Okay. Let me start by the last one. We don't do streaming. We have -- we think that the company has -- will enjoy the upside of the different products that we produce and sell and live with the downside. But generally speaking, these are products -- the by-products are very, very competitive cost wise. So we believe that we are happy with having them inside our portfolio of different products to produce. On the cash cost for the Buenavista Zinc, I think, well, I have no -- I don't have information with me right now.
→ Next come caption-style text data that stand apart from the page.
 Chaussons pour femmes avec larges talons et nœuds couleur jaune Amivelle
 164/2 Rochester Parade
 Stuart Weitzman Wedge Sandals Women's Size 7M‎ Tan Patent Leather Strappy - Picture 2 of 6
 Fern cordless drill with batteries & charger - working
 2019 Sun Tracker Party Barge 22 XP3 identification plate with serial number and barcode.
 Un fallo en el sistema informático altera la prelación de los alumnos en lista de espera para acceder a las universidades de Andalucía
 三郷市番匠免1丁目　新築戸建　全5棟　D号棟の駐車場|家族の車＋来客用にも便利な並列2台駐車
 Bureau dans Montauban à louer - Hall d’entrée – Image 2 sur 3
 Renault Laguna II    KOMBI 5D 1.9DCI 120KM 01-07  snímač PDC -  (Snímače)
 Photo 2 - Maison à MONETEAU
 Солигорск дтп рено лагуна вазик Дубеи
But let me make a comment on that. This is a project that is inside the pit of the Buenavista mine. We will have to expand a little bit a certain area of the Buenavista Zinc -- the Buenavista pit. And if we don't do the concentrator, we will still need to do all the stripping. So instead of doing the stripping and losing the zinc, we are investing the money that we have a little bit more than $400 million for a zinc concentrator and some mining equipment that is required for the stripping. And capture the value of that metal. And I'm sorry for not having with me the cash cost -- the specific cash cost of this project.

Operator

Operator

At this time, I am showing no further questions. I would like to turn the call back over to Raul Jacob for closing remarks.

Raul Jacob

Management

Thank you very much, Gigi. Well, with this, we conclude our conference call for Southern Copper's Fourth Quarter and Year 2020 Results. We certainly appreciate your participation and hope to have you back with us when we report the first quarter of 2021. Thank you very much, stay safe, please. So thank you very much, again.

Operator

Operator

Ladies and gentlemen, this concludes today's conference call. Thank you for participating. You may now disconnect.